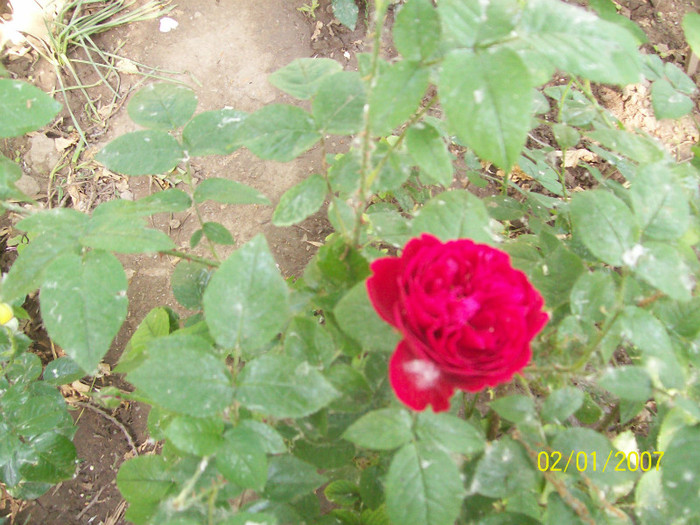 L. D. Braithwaite- anul 3 - gradina- trandafiri 2012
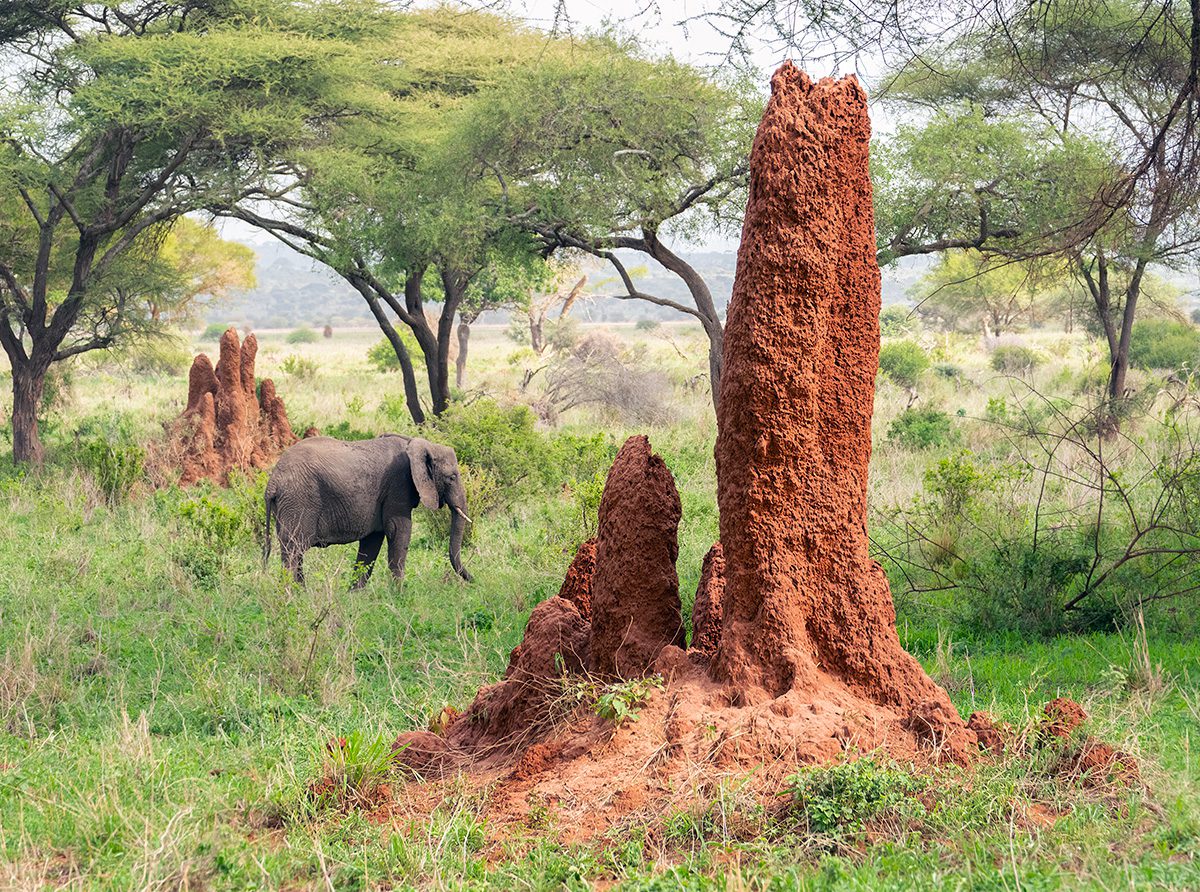 Elefant in der Nähe des Termitenhügels im Tarangire-Nationalpark
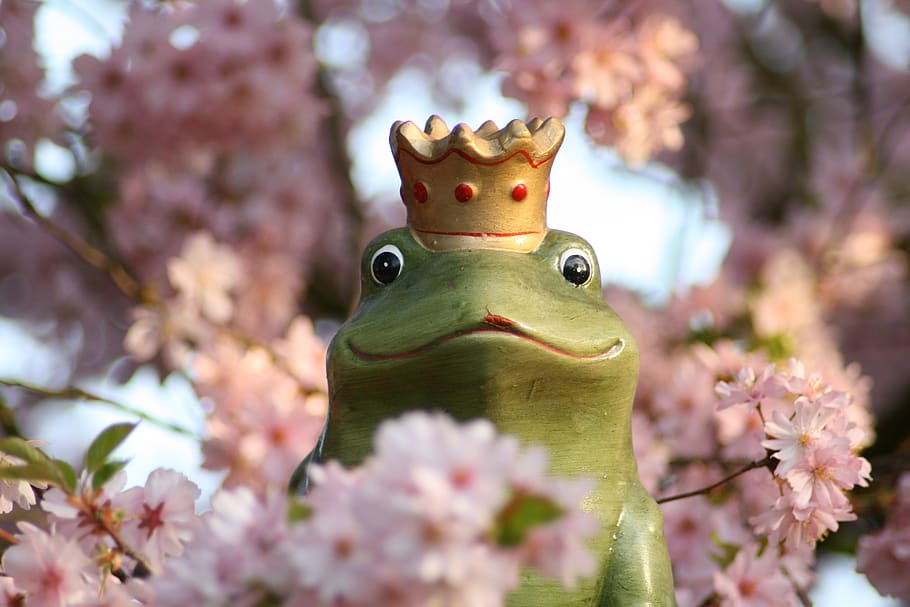 granota, flors, arbre, corona, prince prince, verd, petó, príncep, amor, flor de cirerer, planta, representació, representació animal, primer pla, art i artesania, planta amb flors, animal, cap gent, flor, naturalesa, figureta, centrar-se en primer pla, temes d'animals, dia, color rosa, creativitat, enfocament selectiu, artesania, escultura, fragilitat, primavera, 4K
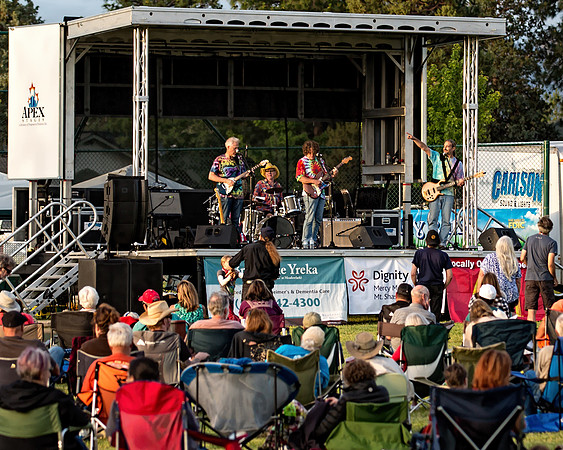 1E3A5101 THE DEADY BEARS BAND - HOY PARK 2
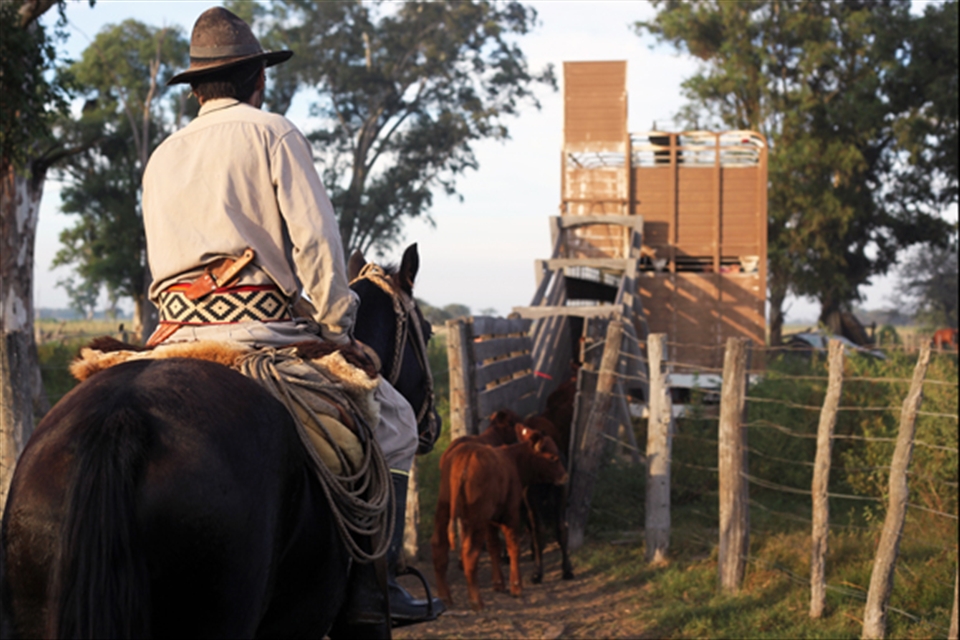 Traditional Argentine cowboy 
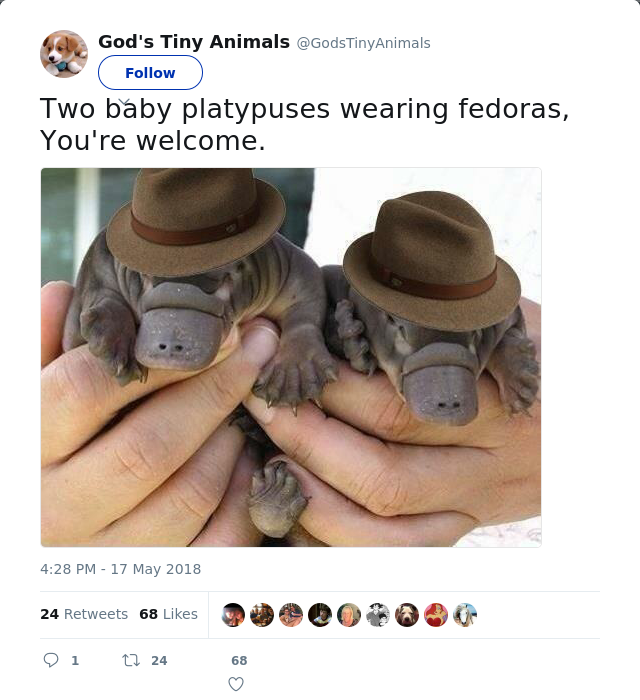 RT @GodsTinyAnimals: Two baby platypuses wearing fedoras, You're welcome.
--------------------
EXERCISE OBJECTIVE:
What's needed is an exact copy of every entry, free of pictures.

RESULT FOR THIS TASK:
 L. D. Braithwaite- anul 3 - gradina- trandafiri 2012
 Elefant in der Nähe des Termitenhügels im Tarangire-Nationalpark
 granota, flors, arbre, corona, prince prince, verd, petó, príncep, amor, flor de cirerer, planta, representació, representació animal, primer pla, art i artesania, planta amb flors, animal, cap gent, flor, naturalesa, figureta, centrar-se en primer pla, temes d'animals, dia, color rosa, creativitat, enfocament selectiu, artesania, escultura, fragilitat, primavera, 4K
 1E3A5101 THE DEADY BEARS BAND - HOY PARK 2
 Traditional Argentine cowboy 
 RT @GodsTinyAnimals: Two baby platypuses wearing fedoras, You're welcome.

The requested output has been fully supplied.